Thursday, April 7, 2011

Debt! (Fire!)

 Event
At some point over the one-to-two months the debt level of the federal government will likely exceed the current debt ceiling. The federal government is currently politicking their way towards a federal budget, with the focus on cutting around $40 billion from non-entitlement non-defense spending. This portion of the budget accounts for about 12% of the federal budget. Unless some compromise is reached before the end of the week the federal government shuts down. Of course the predictable fingers from the left and the right are pointing at the other side. As a reminder, this is just the opening act in what promises to be a brutal battle over entitlements, tax rates, and government services.

Worst case scenario, a government shut down and the debt ceiling is not raised, which implies the U.S. Treasury cannot legally issue additional debt to finance the expenditures of the country.
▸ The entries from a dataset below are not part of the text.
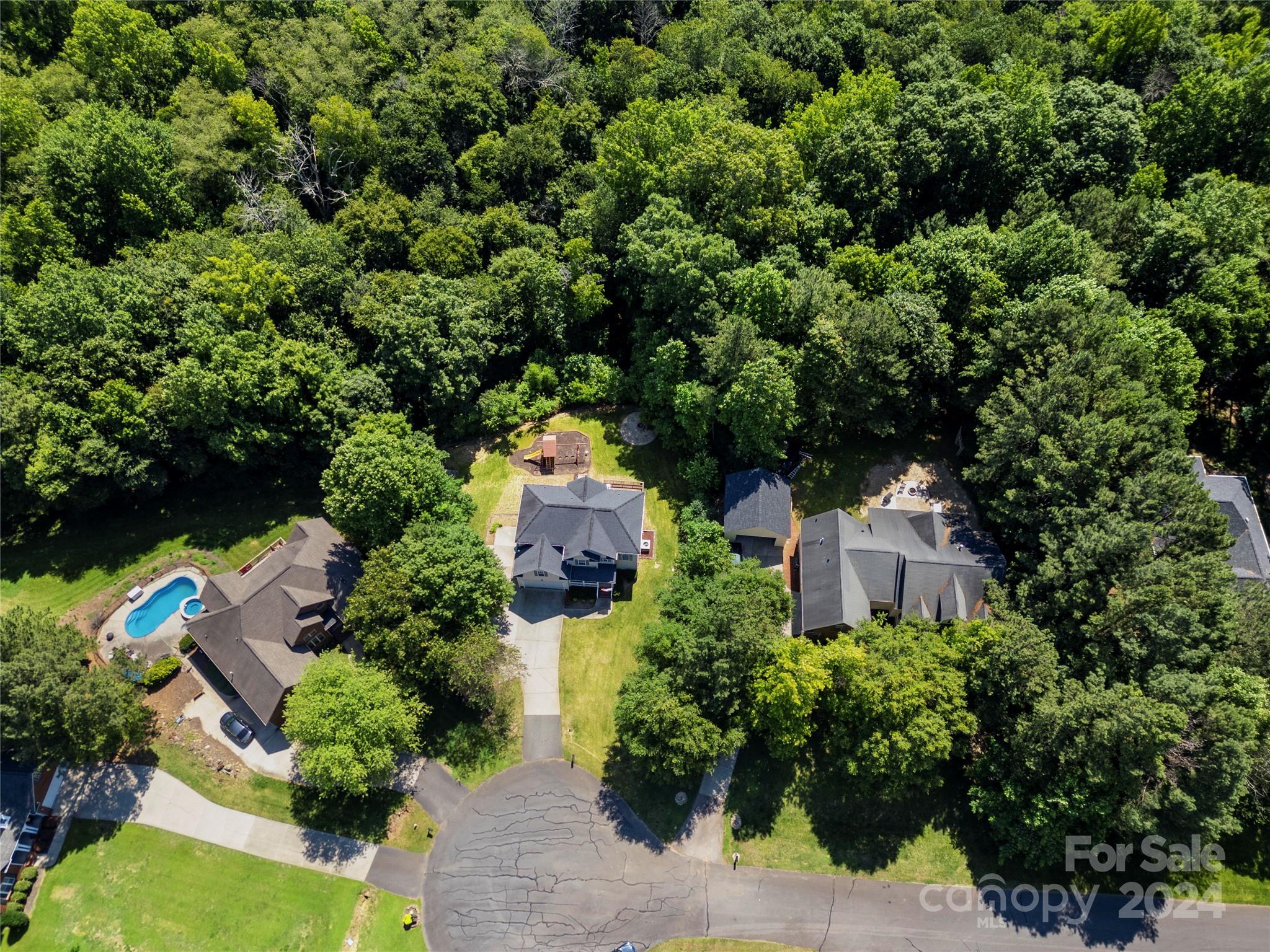 Hunters Place - Residential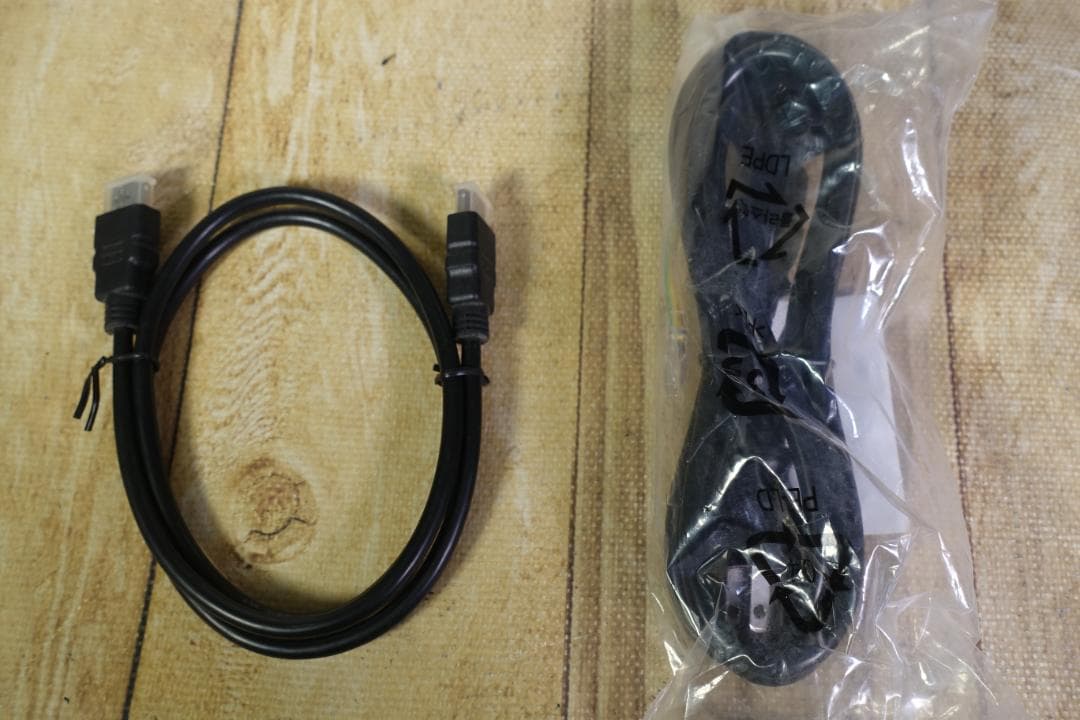 Dell S2722QC 27インチ 4K モニター 23年製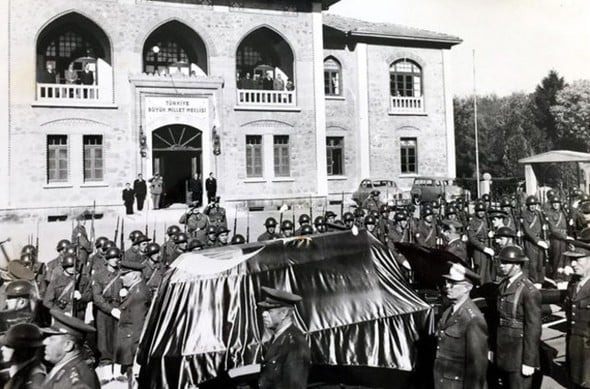 Ulu Önder ebediyete böyle uğurlandı 10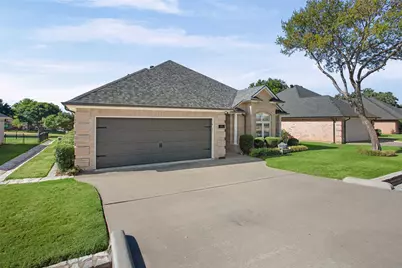 8606 Leisure Lane, Granbury, TX 76049 - Photo 2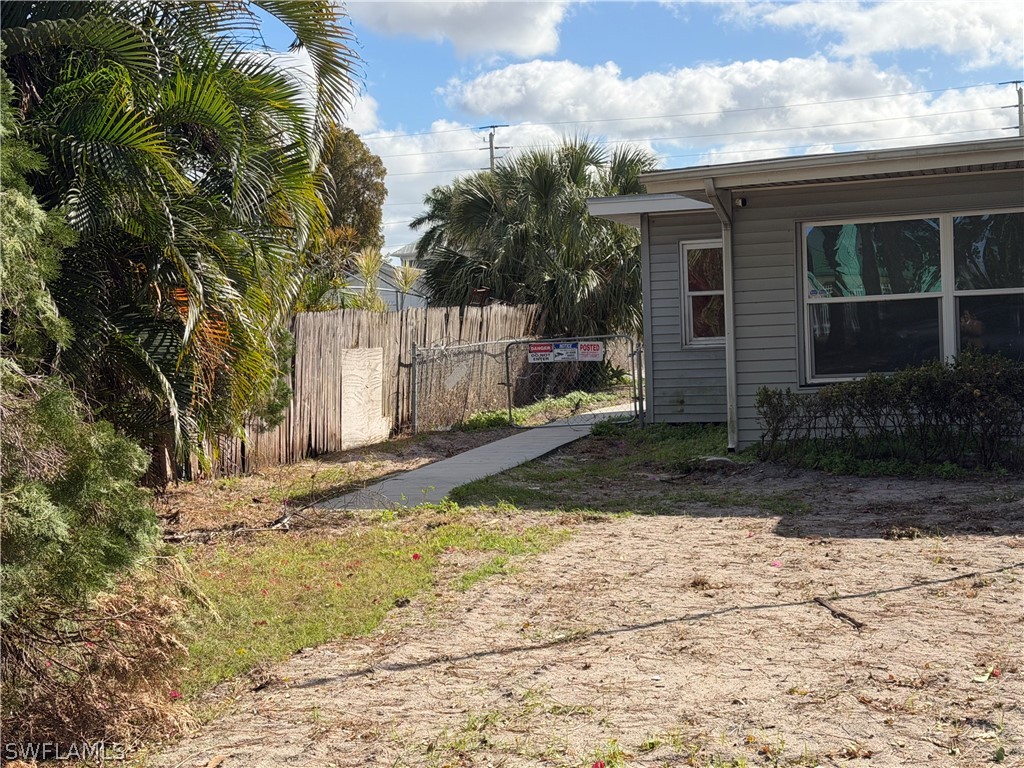 2632 Weeks Avenue Naples FL 34112 226007255 image4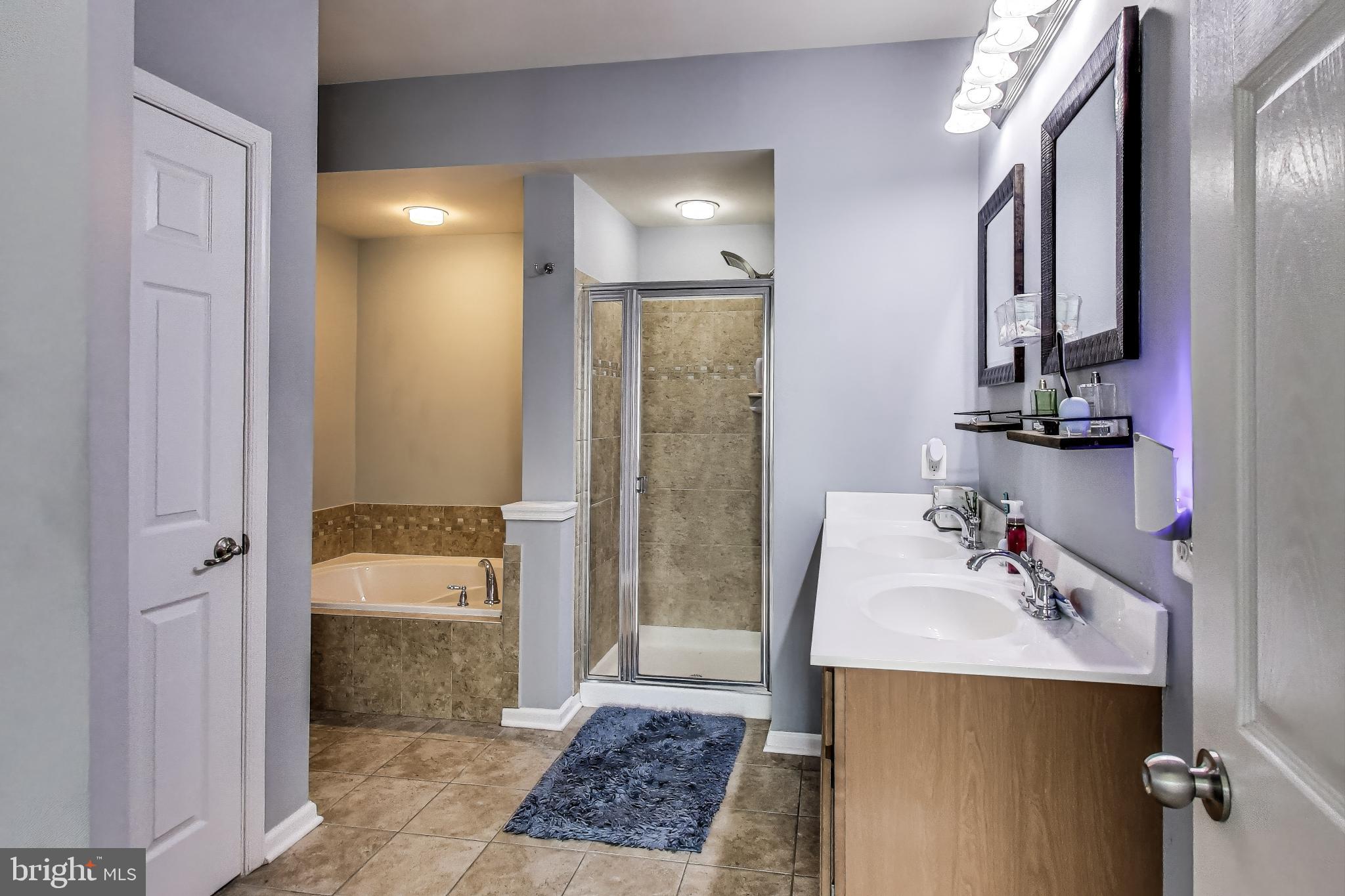 RED OAK CROSSING - Residential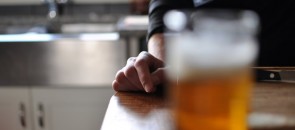 Leitor com copo de cerveja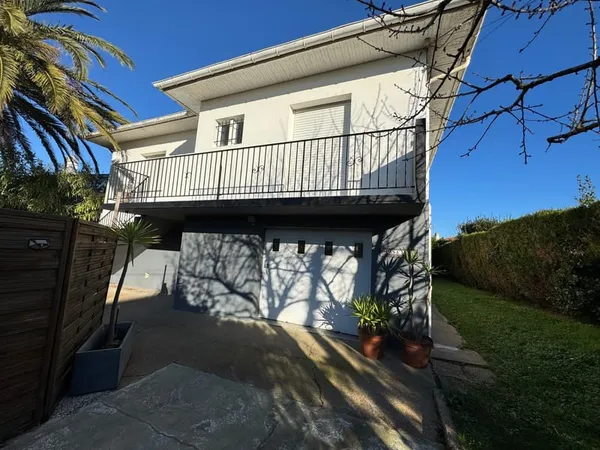 Larochefoucault, Maison familiale à fort potentiel Emplace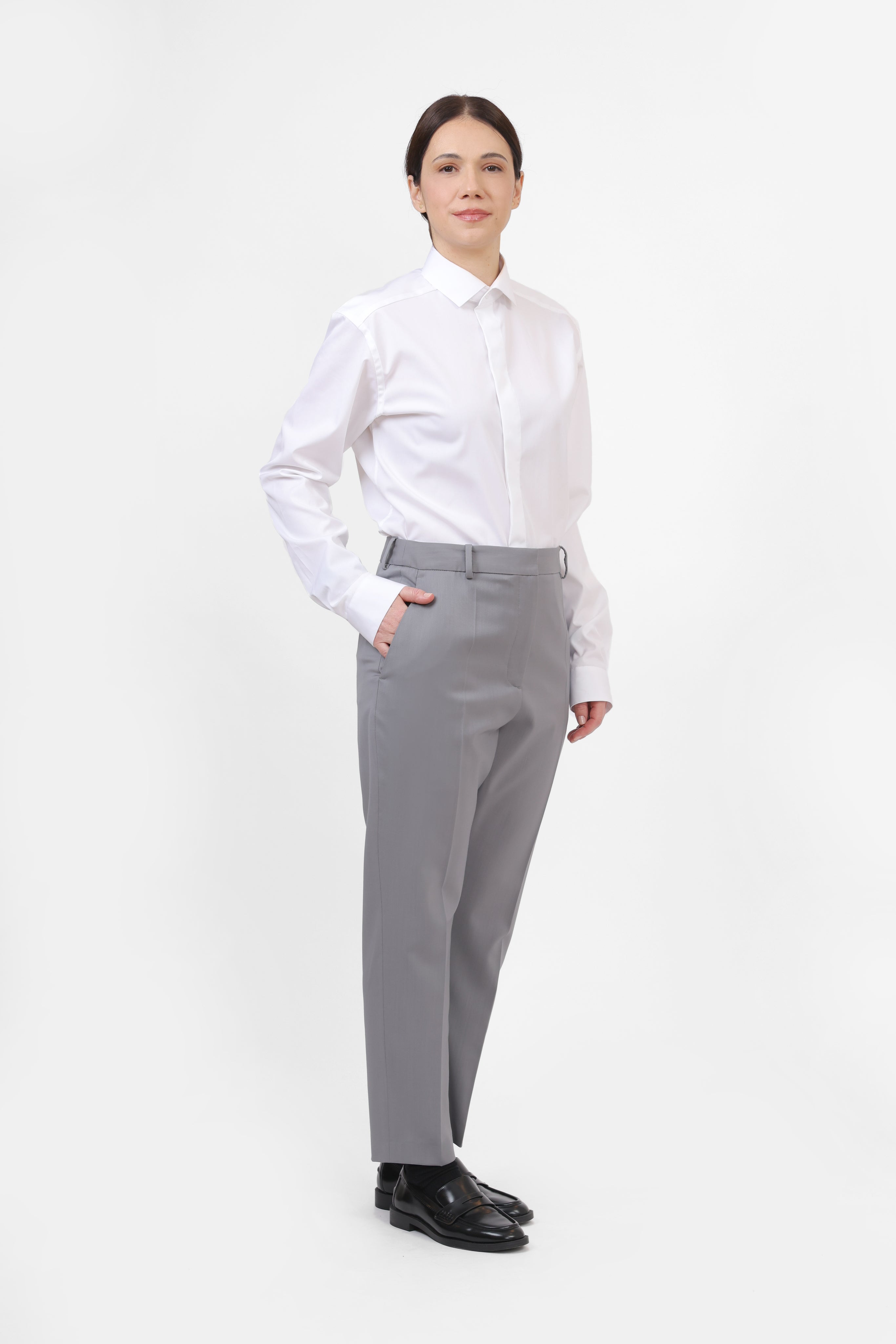 Pantaloni de lână croiți (femei)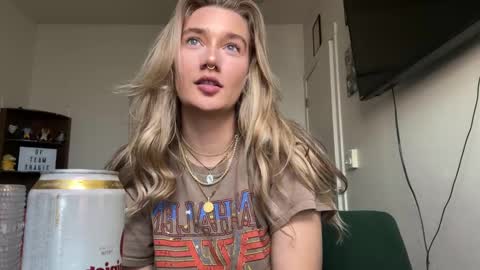 Snapshot of teamtragic chatting on September 15, 12:21 am Katy online show from September 15, 12:21 am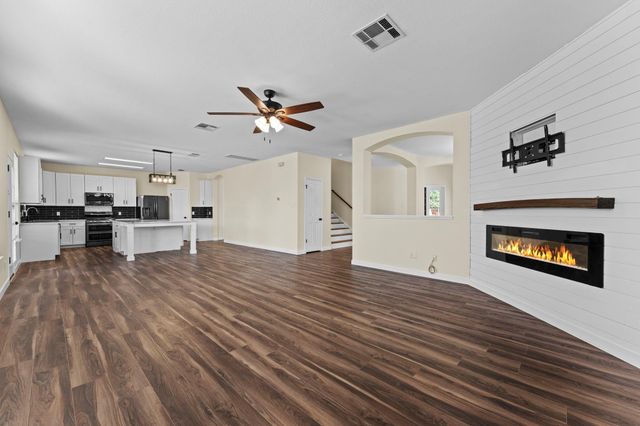 2015 Angelique CT, Leander, TX 78641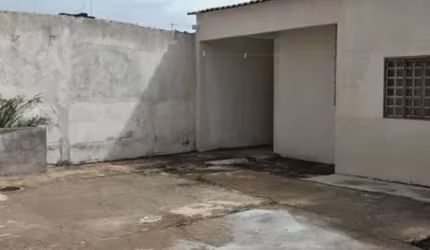 LINDA CASA NA CIDADE NOVA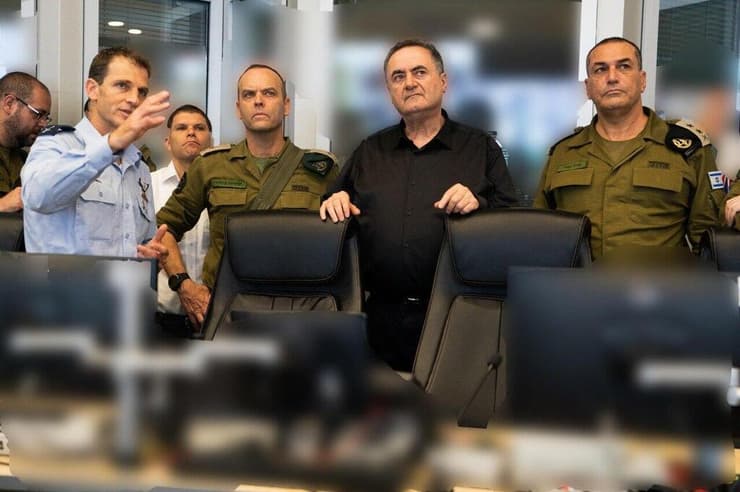 שר הביטחון ישראל כ"ץ ביחד עם הרמטכ"ל אייל זמיר בבור אגף המבצעים בתקיפות חיל האוויר מטרות משטר בטהרן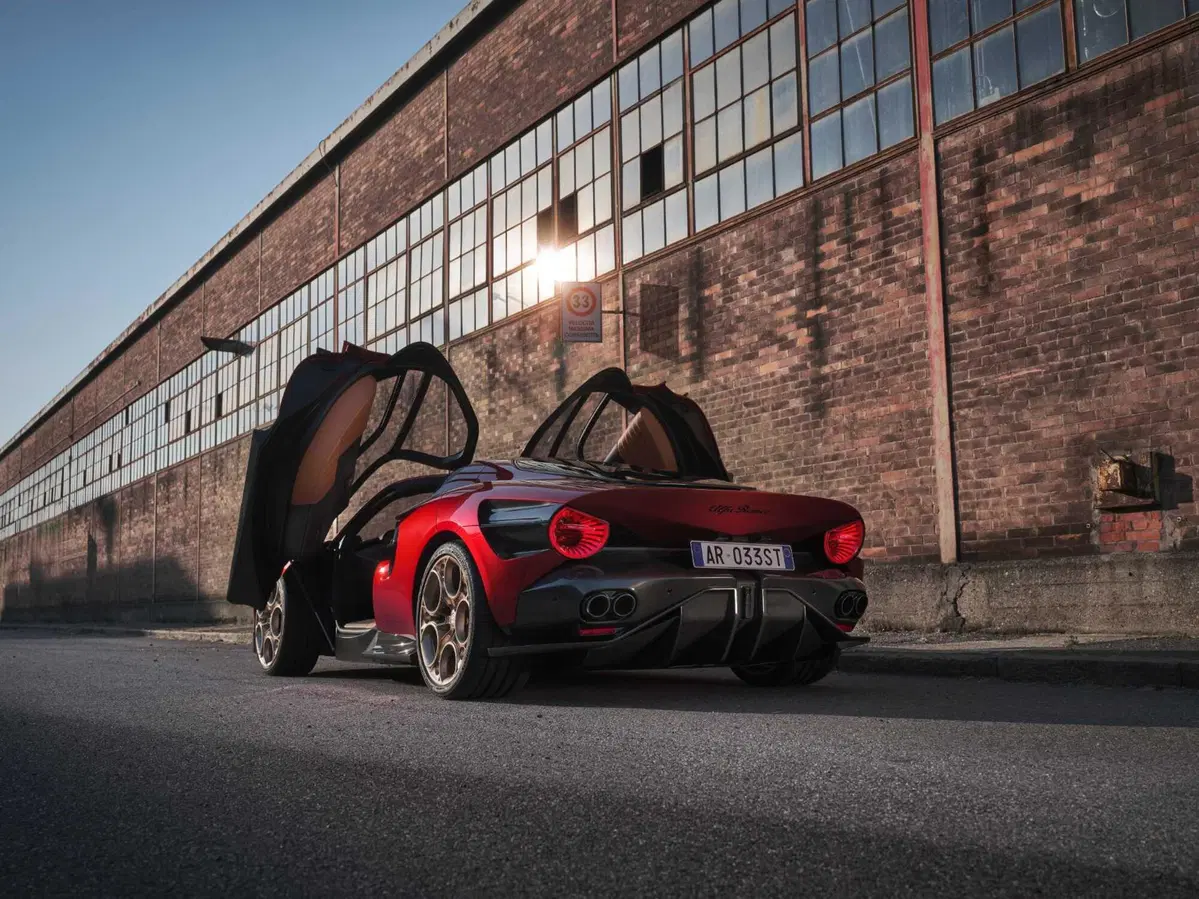 Alfa Romeo 33 Stradale: un fisico bestiale e il coraggio di sognare (5)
This scenario likely leads to some rather unpleasant outcomes, like higher interest rates and drastic cuts in entitlement programs that hastens an economic slowdown. Best case, a budget compromise is realized that appeases the majority, the debt ceiling is raised, and politicians tackle the rest of the budget in a responsible manner. This scenario likely extends the current bubble period and buys the country another year to deal with the fundamental problem - debt.

Analysis
So what is likely the road forward after this is resolved in DC? To start, let's focus on the root of the problem - debt. The Total Debt Outstanding for the U.S. government has increased to almost 100% of the annual GDP. This level has increased over the past 30 years from well under 40% in the early 1980's. This path is clearly unsustainable.

For U.S. consumers the picture is even bleaker. About three quarters of the U.S. economy is driven by consumer purchases, thus any change in consumer spending has a material impact on the economy. True, debt levels did decrease during the recession (likely causing the recession), but in the last quarter they started to rise again (likely helping the perceived recovery).



What has encouraged the U.S. consumer to start loading up on debt again? Easy money. The Fed has flooded the economy with money to offset a tighter lending environment by banks, lower interest rates, and to stimulate economic growth. The following graph is startling:
Note: Adjusted Monetary Base is defined as the sum of currency in circulation outside Federal Reserve Banks and the U.S. Treasury, deposits of depository financial institutions at Federal Reserve Banks, and an adjustment for the effects of changes in statutory reserve requirements on the quantity of base money held by depositories.

Adding fuel to the fire - the majority of banks are loosening lending standards, thus providing greater incentive to consumers to increase debt levels.


Summary

The U.S. economy is driven by consumer spending. The consumer has started to again increase debt levels in order to maintain a consumption level able to drive economic growth since income and asset appreciation has not grown dramatically. The Fed has completed Herculean efforts to keep the economy moving by convincing the consumer to keep buying. At some point the music stops. Sagflation (flat-to-negative real growth + volatile prices) settles in further as fundamental deflationary forces driven by deleveraging are battled by active inflationary actions taken by the Fed. Bubbles form and pop, politicians seesaw policy between extremes, and businesses suffer in an increasingly unstable world. How long the Fed can keep the music playing is anyone's guess, but the end game is likely debilitating inflation pressures, severe economic retrenchment, or both. Sagflation.


The challenge will be to identify investment strategies in this world.